Double Life

I was chained to my desk on a Thursday night and worked as an assistant to one of the best television packaging agents in Hollywood. I scanned my watch, 8:10pm. I was usually out by 7:30, but we were trying to close a deal with a network and tonight was going longer than expected.  Normally, I wouldn’t mind staying, but I had managed to keep up my double-life as a stand-up comedian since I decided to get a full time “job.” Tonight I was booked to perform in the Comedy Store’s main room at 8:30.

I hung out for years doing 2am spots, performing for three drunk people before the Comedy Store's booker finally let me start calling in for regular shows. Spots were few and far between. If I missed tonight’s show, there were more than enough dependable comedians to replace me.

I peered into my boss’ office who was hunched over his desk and reviewed a contract. I Wazed the current traffic on my cellphone. Our office was in the heart of Beverly Hills, and the Comedy Store was deep on the strip in West Hollywood.

“Chris, can I please take a five-minute smoke break?”

He looked up in disbelief.  “I didn’t know you smoked.”

“I’m trying to quit.”  


A few minutes later, my Pasat burst out of the parking garage and rocketed down Sunset Boulevard.  The speedometer needle crept towards 50mph as I maneuvered through heavy traffic.


I pulled up at a meter and darted into the club. The main room was packed with a couple hundred people, and the room buzzed with energy.

The show's host stood behind the backstage curtain, holding a crumpled napkin with a scribbled line-up of names.

“Hey man, can I PLEASE go first?  I have a showcase spot across town that I need to get to.” I begged.

He curiously eyed my attire.

“Why are you wearing a suit?  Who are you? Don Rickles?”

“Came from a corporate show in Pasadena. Didn’t have time to change.”  


I went up first and rolled through my jokes.  At this point in my career, I could do my act with my mind on another planet. As the audience laughed, I wondered if I remembered to confirm a client’s morning meeting.  

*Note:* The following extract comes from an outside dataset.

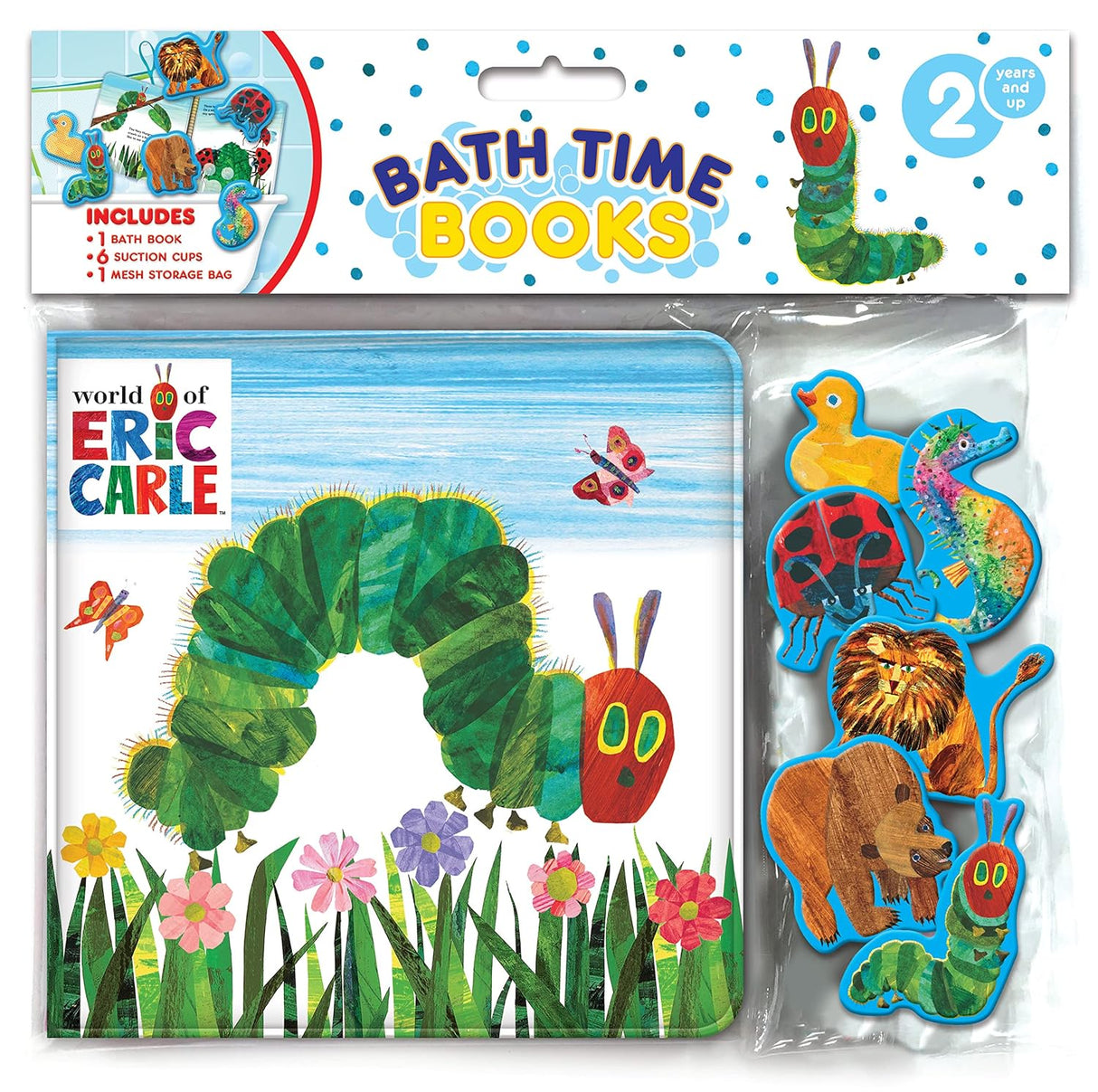 Bath Time Books - World of Eric Carle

A red light flashes in the back of the room when the comedian on stage has to wrap up.  Most comics run the light, I was looking for it.  

“Good-night!  Thank-you!”

I jumped off the stage and ran through the crowd towards the nearest exit like I was Batman, heading to a crime scene.

Ten minutes later, I was back at the office and slid into my chair.  I was breathless; my face damp with perspiration.

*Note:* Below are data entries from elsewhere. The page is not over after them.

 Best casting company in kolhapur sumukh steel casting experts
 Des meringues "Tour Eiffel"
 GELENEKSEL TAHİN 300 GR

Chris came out of his office.  

“Five minutes? Do you know how to use a watch?”

“My mom called from India. I had to take it.”

I focused my attention on my computer screen and tried to downplay it.  Chris disappeared into his office before stepping back out.  

“One more thing...”  

God dammit.  I gripped my pen and prepared for a barrage of questions.

“Try to get off the smoking thing. It’ll kill you.”

“Sure. Thanks.”

Chris smiled, and we got back to work.